* [Exercise]:
Which lines below fall between the one containing "Nielp 18 Pcs" and the one containing "Short Sleeve Lace-Knit Long Dress"? Repeat them exactly, counting both of those lines, and add nothing else.

━━━━

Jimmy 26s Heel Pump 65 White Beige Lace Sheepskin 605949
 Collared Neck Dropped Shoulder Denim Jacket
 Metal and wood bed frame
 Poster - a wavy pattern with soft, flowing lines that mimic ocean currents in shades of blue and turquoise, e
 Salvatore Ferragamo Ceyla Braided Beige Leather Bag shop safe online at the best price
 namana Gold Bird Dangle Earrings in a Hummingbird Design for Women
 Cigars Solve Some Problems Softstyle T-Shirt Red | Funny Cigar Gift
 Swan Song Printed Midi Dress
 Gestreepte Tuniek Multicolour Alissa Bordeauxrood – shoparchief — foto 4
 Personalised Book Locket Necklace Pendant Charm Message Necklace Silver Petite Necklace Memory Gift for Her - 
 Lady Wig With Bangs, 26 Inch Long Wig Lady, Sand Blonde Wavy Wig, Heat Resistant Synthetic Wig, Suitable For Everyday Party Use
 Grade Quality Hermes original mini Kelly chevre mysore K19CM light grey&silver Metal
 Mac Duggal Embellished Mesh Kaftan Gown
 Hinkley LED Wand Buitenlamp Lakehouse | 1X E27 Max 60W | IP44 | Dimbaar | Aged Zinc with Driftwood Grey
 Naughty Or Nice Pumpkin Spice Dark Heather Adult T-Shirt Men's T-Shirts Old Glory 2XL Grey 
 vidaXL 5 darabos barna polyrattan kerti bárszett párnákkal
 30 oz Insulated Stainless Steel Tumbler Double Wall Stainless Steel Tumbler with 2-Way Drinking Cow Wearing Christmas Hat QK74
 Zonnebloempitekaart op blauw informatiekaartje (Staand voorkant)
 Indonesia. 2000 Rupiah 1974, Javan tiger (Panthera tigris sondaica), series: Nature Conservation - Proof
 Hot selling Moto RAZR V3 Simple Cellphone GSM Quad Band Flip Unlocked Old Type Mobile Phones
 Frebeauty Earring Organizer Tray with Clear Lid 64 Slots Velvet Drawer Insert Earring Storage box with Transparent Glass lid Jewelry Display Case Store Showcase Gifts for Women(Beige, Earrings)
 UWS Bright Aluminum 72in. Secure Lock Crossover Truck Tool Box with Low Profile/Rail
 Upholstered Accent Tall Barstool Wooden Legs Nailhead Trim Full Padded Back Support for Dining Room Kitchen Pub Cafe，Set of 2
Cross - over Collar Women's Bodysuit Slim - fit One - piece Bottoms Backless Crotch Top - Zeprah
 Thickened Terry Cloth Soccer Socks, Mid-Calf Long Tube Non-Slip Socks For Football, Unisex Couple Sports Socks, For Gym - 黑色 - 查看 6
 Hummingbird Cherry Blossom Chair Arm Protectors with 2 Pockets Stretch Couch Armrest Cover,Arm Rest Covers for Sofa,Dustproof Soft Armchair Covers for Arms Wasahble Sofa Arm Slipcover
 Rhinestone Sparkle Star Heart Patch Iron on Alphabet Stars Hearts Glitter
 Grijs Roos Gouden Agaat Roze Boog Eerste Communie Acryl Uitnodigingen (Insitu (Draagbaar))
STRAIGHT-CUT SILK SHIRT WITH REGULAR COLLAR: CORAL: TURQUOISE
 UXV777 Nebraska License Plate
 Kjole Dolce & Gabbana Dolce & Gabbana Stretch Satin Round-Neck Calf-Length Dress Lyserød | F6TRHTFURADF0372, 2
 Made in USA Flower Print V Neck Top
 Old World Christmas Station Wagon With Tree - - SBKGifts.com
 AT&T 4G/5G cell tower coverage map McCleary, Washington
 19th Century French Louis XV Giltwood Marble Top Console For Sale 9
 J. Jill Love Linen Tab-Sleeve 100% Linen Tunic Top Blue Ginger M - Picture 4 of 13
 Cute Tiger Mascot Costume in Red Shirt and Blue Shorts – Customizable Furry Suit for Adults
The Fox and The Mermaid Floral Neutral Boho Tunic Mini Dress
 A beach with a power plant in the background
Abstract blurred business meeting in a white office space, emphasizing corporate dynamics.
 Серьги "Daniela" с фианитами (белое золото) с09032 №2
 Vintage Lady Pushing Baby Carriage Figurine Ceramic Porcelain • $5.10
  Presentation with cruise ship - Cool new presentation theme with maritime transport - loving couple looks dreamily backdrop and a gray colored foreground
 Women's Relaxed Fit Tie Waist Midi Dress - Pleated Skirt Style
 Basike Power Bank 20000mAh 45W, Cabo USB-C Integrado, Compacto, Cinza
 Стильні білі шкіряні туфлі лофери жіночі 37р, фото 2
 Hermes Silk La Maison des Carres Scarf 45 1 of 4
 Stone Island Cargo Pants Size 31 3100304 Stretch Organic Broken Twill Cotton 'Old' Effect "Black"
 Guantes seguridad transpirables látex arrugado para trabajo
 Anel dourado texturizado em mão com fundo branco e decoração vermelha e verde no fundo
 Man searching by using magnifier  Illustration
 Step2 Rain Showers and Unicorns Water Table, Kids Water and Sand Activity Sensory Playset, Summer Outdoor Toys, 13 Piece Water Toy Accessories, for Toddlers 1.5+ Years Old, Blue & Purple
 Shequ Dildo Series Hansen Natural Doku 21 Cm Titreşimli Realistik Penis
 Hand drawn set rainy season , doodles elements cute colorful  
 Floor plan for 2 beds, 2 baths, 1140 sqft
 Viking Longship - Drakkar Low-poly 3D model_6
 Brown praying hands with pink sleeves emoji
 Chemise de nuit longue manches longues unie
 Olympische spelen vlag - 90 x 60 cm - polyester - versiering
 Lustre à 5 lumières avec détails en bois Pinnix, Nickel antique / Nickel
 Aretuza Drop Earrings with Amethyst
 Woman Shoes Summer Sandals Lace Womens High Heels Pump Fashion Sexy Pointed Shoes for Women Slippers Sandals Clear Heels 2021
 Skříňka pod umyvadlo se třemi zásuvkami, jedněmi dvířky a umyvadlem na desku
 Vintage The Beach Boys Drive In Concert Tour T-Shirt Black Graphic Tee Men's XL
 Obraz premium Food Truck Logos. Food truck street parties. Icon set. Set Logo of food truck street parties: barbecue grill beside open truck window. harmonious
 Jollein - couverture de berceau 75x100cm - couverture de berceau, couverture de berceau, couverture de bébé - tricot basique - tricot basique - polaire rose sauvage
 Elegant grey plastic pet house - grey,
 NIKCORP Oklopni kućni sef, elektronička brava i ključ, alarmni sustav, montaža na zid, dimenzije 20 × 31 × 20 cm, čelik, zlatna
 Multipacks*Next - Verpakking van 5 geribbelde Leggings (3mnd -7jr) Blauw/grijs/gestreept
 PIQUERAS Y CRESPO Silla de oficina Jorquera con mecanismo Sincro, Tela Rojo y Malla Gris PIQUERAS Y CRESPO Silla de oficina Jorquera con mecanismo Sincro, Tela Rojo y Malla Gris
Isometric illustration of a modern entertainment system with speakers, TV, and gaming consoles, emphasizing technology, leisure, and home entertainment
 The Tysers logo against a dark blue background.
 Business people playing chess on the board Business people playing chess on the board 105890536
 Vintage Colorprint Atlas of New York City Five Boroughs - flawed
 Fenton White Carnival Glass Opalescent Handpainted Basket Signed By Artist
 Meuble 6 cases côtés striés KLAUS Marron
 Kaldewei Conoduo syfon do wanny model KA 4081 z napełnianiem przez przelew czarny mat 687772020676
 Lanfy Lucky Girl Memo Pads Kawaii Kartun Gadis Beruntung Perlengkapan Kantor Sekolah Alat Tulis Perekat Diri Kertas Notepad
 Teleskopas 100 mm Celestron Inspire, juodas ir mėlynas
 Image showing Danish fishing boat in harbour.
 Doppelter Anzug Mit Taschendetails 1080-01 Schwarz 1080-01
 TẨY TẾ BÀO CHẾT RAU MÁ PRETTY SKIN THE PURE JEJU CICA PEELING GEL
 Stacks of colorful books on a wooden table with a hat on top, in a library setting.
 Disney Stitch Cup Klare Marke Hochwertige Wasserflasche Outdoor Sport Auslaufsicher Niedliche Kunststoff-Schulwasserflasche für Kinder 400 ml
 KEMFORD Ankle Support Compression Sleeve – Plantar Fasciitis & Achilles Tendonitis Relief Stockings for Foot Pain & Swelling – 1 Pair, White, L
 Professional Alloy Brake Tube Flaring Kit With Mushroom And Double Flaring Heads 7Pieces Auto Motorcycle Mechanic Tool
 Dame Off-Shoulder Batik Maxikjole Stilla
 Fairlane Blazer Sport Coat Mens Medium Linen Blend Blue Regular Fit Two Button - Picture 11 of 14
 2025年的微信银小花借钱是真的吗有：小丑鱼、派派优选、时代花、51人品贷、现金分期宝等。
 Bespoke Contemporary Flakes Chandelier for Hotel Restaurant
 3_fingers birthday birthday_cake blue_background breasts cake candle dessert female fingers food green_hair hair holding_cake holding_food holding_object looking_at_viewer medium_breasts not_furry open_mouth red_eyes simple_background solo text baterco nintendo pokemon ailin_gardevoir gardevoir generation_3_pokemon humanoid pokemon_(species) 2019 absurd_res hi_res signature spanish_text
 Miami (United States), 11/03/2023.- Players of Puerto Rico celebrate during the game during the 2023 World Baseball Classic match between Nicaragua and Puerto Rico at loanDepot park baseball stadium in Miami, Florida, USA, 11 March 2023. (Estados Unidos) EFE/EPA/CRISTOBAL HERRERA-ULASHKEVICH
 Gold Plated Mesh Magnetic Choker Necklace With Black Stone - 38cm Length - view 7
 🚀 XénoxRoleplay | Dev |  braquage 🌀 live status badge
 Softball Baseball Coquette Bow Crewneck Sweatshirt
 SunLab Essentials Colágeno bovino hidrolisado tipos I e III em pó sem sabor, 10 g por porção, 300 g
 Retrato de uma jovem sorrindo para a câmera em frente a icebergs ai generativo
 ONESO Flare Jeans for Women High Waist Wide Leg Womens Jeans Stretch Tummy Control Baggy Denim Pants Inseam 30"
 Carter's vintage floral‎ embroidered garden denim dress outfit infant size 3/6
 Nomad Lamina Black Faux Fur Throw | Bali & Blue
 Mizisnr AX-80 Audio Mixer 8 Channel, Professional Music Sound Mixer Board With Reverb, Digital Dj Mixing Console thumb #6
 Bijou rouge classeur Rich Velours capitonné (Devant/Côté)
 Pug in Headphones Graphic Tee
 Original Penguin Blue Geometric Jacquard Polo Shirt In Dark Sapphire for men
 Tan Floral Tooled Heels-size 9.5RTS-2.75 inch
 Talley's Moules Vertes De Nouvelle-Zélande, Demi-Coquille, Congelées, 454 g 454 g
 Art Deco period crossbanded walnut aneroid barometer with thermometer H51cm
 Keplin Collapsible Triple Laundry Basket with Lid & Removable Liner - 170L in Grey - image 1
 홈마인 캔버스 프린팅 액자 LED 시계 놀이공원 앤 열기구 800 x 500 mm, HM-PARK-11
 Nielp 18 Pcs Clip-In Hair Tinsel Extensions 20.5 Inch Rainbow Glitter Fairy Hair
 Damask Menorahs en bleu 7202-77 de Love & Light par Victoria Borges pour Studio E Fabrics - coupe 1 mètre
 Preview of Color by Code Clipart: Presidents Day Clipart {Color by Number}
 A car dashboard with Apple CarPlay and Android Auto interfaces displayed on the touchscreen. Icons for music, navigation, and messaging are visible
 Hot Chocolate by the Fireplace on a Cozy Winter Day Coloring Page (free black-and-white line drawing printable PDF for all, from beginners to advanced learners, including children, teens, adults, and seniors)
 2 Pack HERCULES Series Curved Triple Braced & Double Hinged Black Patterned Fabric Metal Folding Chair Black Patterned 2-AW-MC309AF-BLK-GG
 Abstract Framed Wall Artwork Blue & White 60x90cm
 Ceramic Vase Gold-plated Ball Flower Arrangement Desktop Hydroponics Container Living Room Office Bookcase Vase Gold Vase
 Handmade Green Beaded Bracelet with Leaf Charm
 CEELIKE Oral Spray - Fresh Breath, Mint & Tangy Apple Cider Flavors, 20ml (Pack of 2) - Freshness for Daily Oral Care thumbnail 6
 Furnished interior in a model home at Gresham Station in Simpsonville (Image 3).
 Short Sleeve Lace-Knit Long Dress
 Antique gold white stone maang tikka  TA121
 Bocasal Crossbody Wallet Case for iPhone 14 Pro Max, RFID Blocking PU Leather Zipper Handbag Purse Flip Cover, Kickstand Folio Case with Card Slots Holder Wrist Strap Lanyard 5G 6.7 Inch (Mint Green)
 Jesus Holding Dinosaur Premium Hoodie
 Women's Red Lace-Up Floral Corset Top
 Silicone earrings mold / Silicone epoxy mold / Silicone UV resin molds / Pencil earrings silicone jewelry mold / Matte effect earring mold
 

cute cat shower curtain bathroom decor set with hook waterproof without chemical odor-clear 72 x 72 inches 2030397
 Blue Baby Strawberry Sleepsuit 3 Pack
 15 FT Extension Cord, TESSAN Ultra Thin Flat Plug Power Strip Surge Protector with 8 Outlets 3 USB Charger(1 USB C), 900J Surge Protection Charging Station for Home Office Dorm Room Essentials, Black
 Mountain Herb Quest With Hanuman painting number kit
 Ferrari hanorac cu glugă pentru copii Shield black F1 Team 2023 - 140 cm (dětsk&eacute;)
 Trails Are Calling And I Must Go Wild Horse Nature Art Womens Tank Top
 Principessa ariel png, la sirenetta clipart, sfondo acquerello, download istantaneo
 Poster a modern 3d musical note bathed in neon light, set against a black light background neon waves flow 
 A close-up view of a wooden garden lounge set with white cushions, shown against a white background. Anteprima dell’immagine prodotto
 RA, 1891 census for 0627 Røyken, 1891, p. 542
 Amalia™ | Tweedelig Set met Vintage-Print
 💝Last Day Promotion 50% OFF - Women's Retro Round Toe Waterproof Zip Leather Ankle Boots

━━━━

* [Exercise output]:
 Nielp 18 Pcs Clip-In Hair Tinsel Extensions 20.5 Inch Rainbow Glitter Fairy Hair
 Damask Menorahs en bleu 7202-77 de Love & Light par Victoria Borges pour Studio E Fabrics - coupe 1 mètre
 Preview of Color by Code Clipart: Presidents Day Clipart {Color by Number}
 A car dashboard with Apple CarPlay and Android Auto interfaces displayed on the touchscreen. Icons for music, navigation, and messaging are visible
 Hot Chocolate by the Fireplace on a Cozy Winter Day Coloring Page (free black-and-white line drawing printable PDF for all, from beginners to advanced learners, including children, teens, adults, and seniors)
 2 Pack HERCULES Series Curved Triple Braced & Double Hinged Black Patterned Fabric Metal Folding Chair Black Patterned 2-AW-MC309AF-BLK-GG
 Abstract Framed Wall Artwork Blue & White 60x90cm
 Ceramic Vase Gold-plated Ball Flower Arrangement Desktop Hydroponics Container Living Room Office Bookcase Vase Gold Vase
 Handmade Green Beaded Bracelet with Leaf Charm
 CEELIKE Oral Spray - Fresh Breath, Mint & Tangy Apple Cider Flavors, 20ml (Pack of 2) - Freshness for Daily Oral Care thumbnail 6
 Furnished interior in a model home at Gresham Station in Simpsonville (Image 3).
 Short Sleeve Lace-Knit Long Dress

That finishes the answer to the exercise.